Much of the difficulty with change that I see in organizations I visit is related to the inability to adequately plan for change. Poor planning up front results in poor execution with a resultant need to spend time fixing what should have been foreseen in the first place.
Planning is a management function. Before one can plan, however, one needs to understand what it is that is being changed and why. This is where most change planning goes awry.
Japanese firms, like Toyota, front-load their change process by spending, what seems to Western firms, an inordinate amount of time to investigate problems and plan the needed changes. This approach pays huge dividends, however, because when it comes to execution, the right solution to the right cause has been identified and thoroughly planned in terms of implementation. It is rare in firms like Toyota to see an improvement team spending time fixing problems which are due to poor planning.

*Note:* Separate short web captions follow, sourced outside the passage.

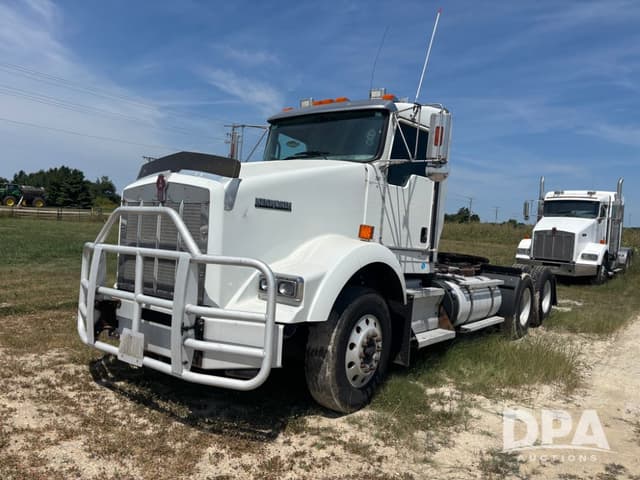 Image of Kenworth T800 equipment image 1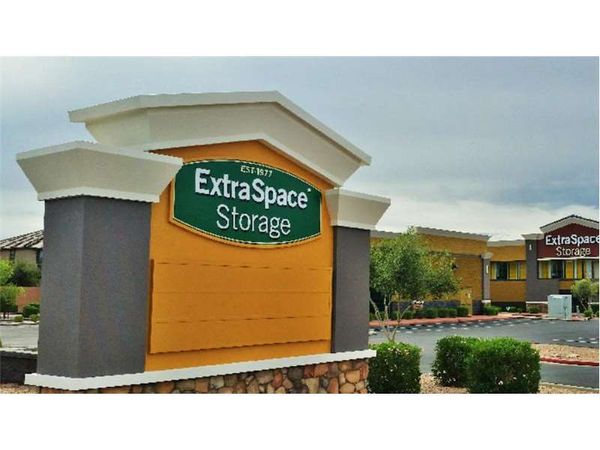 Extra Space Storage facility at 9363 E Southern Ave - Mesa, AZ
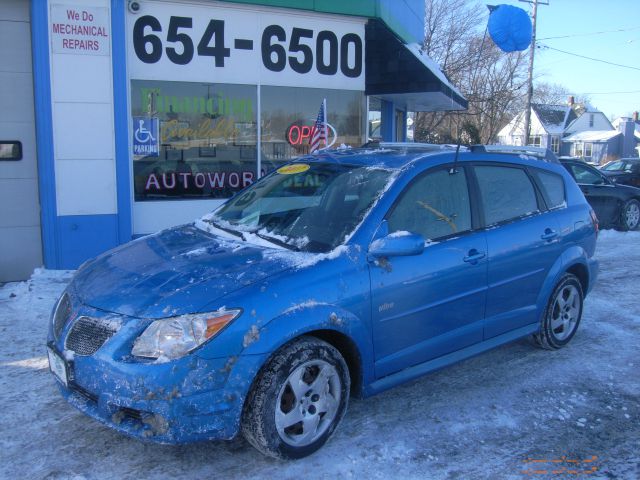 2007 Pontiac Vibe Base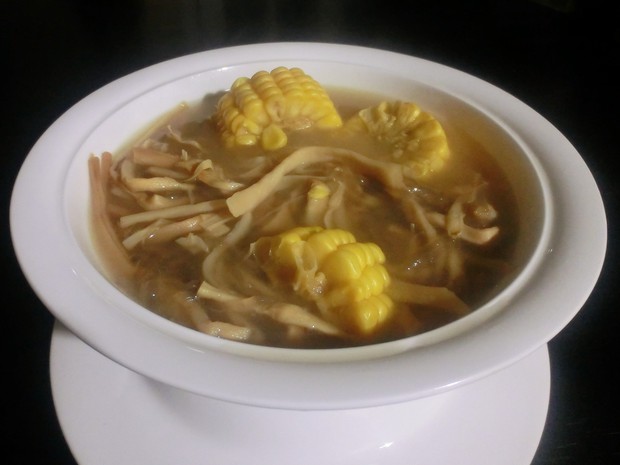 笋丝玉米鸡味汤的做法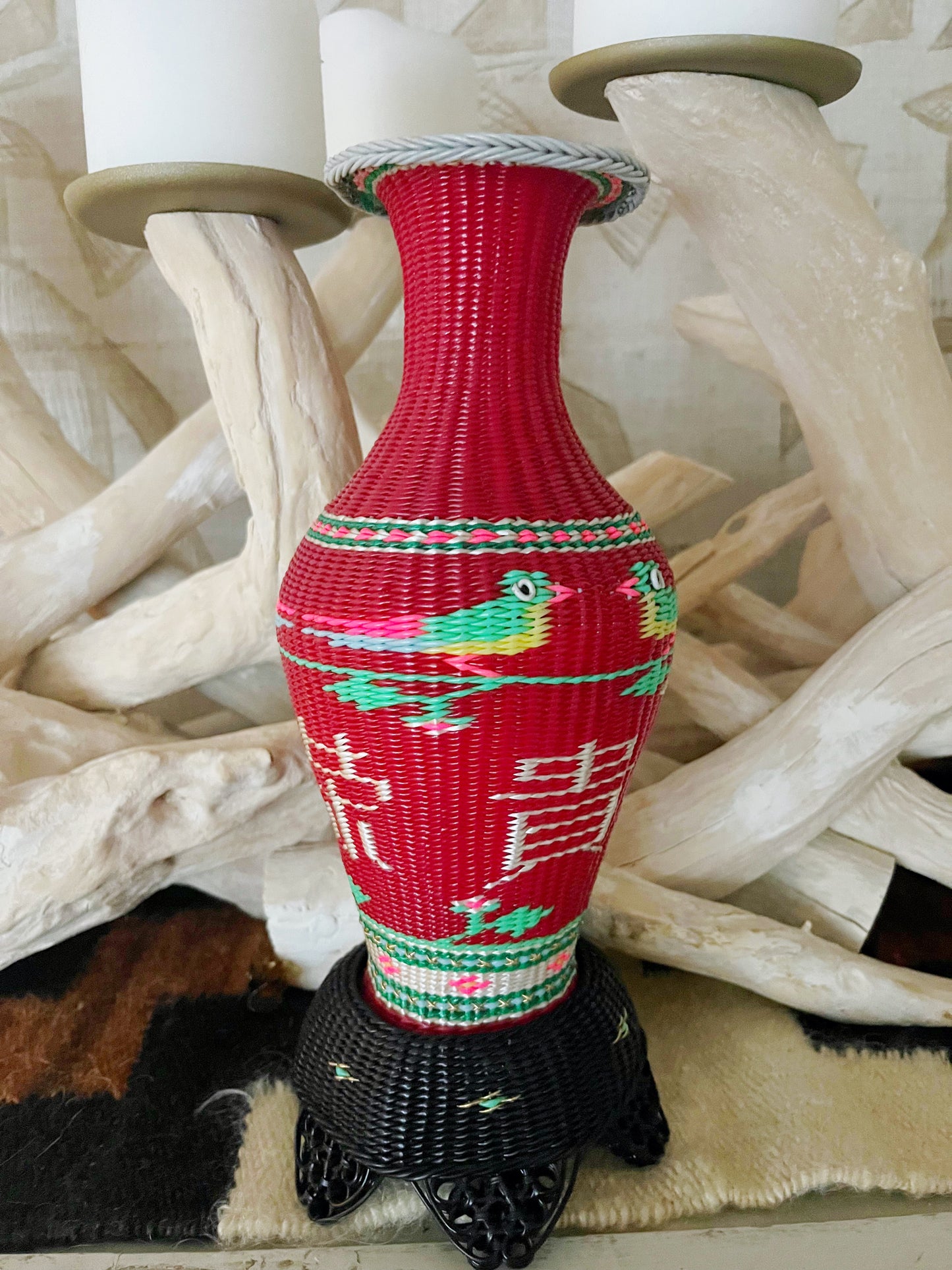 Scoubidou Woven Glass Vase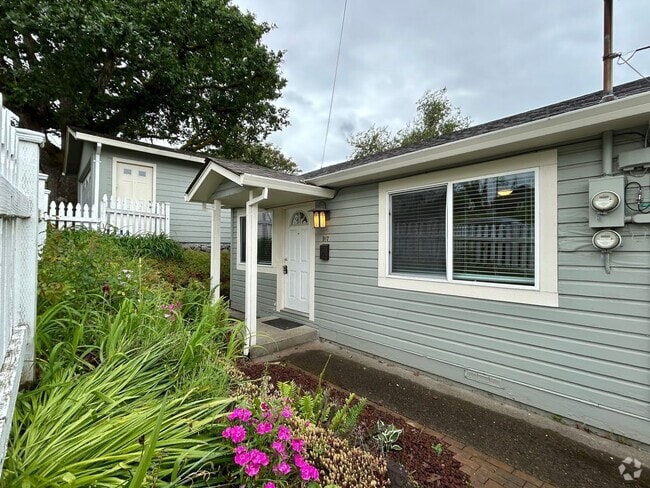 Building Photo - Tranquil 1 Bed, 1 Bath House!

For the Western mindset, the Japanese approach to change and improvement seems slow and bureaucratic. Western managers like to “get things done” – to impel people into a frenzy of action, no matter whether that course of action is the right one or not.
At Toyota, employees are trained to solve problems in the work and implement solutions in a structured way. The Toyota A3 process provides that structure and guides employees in the think-through of problems and solution implementation. Most importantly, the A3 process shows management that the problem has been thoroughly investigated, and the root cause understood, so that solution planning can be undertaken in confidence. When management is not satisfied that adequate investigation and thinking has been given to a problem at hand, or that the solution developed may not necessarily be the best one, employees are urged to go back and restudy the problem to craft a superior solution
The net result of this approach is that, at Toyota, most change and improvement initiatives consist of Planning and Doing, with no back-end time spent fixing things which should have been caught in the planning process. Sometimes you have to slow down in order to go fast!